• [What needs to be done]
Within the entries below, find the portion that opens with the line containing "bontott VW GOLF VI Gyújtáskapcsoló Házzal" and closes with the line containing "Used 2023 Toyota". Retype that portion exactly and only.

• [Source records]
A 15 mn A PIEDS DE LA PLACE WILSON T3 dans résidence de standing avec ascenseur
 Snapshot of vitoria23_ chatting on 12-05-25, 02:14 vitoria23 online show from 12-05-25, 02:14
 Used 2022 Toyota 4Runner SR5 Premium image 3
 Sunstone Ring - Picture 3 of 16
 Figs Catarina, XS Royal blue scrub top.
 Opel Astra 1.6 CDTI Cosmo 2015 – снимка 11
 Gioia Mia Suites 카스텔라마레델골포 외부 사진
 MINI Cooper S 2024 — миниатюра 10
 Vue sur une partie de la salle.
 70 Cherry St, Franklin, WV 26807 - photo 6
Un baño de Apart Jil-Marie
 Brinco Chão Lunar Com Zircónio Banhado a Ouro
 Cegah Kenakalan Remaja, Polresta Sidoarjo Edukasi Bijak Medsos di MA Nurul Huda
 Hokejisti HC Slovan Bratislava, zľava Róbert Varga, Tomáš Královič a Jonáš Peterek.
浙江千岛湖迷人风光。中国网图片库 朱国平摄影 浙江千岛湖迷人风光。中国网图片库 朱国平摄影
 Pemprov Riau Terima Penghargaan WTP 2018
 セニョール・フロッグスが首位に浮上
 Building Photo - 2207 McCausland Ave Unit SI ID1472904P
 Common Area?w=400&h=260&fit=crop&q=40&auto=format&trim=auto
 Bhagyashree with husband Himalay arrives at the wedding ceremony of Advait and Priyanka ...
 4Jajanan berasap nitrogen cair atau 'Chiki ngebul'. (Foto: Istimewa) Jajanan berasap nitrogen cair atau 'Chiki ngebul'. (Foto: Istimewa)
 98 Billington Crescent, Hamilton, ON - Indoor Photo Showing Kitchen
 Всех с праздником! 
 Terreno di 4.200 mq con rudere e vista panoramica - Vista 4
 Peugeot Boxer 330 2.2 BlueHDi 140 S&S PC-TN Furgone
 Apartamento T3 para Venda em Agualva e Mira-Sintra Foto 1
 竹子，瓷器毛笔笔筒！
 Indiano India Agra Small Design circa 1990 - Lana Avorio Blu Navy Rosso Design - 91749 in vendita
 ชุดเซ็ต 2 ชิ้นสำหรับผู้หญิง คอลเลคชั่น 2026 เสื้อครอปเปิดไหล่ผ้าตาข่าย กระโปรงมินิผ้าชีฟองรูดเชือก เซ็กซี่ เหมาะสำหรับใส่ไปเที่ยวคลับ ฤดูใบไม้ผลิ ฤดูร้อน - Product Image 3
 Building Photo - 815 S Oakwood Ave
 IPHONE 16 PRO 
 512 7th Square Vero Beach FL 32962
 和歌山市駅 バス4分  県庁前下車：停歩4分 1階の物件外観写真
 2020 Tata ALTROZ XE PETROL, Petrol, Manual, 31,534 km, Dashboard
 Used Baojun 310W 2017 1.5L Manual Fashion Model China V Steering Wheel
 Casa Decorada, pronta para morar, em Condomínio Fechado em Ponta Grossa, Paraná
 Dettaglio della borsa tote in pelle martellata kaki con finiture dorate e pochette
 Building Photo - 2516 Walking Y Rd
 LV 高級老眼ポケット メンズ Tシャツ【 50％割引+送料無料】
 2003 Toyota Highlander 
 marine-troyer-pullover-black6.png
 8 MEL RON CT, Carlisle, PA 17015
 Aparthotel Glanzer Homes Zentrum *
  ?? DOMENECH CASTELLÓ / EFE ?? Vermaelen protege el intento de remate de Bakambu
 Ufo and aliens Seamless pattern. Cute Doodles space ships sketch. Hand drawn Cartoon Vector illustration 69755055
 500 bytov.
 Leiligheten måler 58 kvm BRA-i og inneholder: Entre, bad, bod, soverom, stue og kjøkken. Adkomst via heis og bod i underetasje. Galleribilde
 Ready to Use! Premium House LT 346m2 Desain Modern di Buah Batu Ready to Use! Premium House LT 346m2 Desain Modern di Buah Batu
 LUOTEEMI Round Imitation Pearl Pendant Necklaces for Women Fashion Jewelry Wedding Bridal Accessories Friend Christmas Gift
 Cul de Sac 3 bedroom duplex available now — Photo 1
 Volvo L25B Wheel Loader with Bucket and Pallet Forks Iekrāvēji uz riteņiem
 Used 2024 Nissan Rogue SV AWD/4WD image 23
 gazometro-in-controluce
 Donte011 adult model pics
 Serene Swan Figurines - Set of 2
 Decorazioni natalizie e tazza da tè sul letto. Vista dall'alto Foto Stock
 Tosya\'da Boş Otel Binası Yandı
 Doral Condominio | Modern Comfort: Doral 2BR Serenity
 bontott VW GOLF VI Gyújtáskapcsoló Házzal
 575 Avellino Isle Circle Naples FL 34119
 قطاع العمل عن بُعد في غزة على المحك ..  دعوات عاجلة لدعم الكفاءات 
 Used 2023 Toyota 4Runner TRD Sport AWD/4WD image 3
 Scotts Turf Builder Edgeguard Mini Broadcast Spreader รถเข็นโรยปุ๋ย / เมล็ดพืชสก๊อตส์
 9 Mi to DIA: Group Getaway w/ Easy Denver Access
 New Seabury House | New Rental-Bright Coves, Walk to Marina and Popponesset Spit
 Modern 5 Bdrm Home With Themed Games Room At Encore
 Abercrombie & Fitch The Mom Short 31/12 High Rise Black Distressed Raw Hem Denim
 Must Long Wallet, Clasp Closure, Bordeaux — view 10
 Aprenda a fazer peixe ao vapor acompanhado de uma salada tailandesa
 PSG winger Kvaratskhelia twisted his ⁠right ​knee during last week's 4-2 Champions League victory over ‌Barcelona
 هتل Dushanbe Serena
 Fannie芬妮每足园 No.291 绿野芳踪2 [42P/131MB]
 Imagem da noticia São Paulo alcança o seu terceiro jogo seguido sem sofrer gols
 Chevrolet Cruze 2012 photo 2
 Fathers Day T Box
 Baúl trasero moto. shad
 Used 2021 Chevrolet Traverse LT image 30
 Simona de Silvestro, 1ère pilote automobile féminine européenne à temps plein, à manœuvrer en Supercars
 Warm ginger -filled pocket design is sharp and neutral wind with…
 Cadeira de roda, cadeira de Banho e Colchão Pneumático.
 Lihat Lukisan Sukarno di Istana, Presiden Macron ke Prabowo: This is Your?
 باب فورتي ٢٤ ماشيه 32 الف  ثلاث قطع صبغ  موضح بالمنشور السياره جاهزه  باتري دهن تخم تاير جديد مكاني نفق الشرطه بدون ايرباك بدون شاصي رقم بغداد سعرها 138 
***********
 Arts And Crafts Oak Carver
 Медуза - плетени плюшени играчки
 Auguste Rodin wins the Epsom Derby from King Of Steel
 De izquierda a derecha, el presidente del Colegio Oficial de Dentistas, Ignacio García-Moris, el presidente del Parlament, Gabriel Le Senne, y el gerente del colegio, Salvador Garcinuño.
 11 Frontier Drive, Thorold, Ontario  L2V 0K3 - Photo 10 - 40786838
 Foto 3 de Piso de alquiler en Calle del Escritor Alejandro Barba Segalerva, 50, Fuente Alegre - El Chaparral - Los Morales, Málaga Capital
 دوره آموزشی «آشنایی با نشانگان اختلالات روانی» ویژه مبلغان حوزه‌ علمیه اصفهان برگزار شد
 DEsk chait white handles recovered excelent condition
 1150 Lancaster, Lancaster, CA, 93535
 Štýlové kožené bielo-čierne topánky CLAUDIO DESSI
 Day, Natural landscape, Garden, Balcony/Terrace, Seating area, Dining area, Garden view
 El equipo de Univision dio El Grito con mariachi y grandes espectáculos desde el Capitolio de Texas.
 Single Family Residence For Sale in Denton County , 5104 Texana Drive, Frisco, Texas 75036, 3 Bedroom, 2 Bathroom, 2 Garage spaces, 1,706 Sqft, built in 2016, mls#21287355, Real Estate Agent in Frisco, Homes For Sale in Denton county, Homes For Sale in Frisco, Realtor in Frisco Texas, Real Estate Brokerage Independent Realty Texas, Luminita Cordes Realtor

• [Exercise response]
 bontott VW GOLF VI Gyújtáskapcsoló Házzal
 575 Avellino Isle Circle Naples FL 34119
 قطاع العمل عن بُعد في غزة على المحك ..  دعوات عاجلة لدعم الكفاءات 
 Used 2023 Toyota 4Runner TRD Sport AWD/4WD image 3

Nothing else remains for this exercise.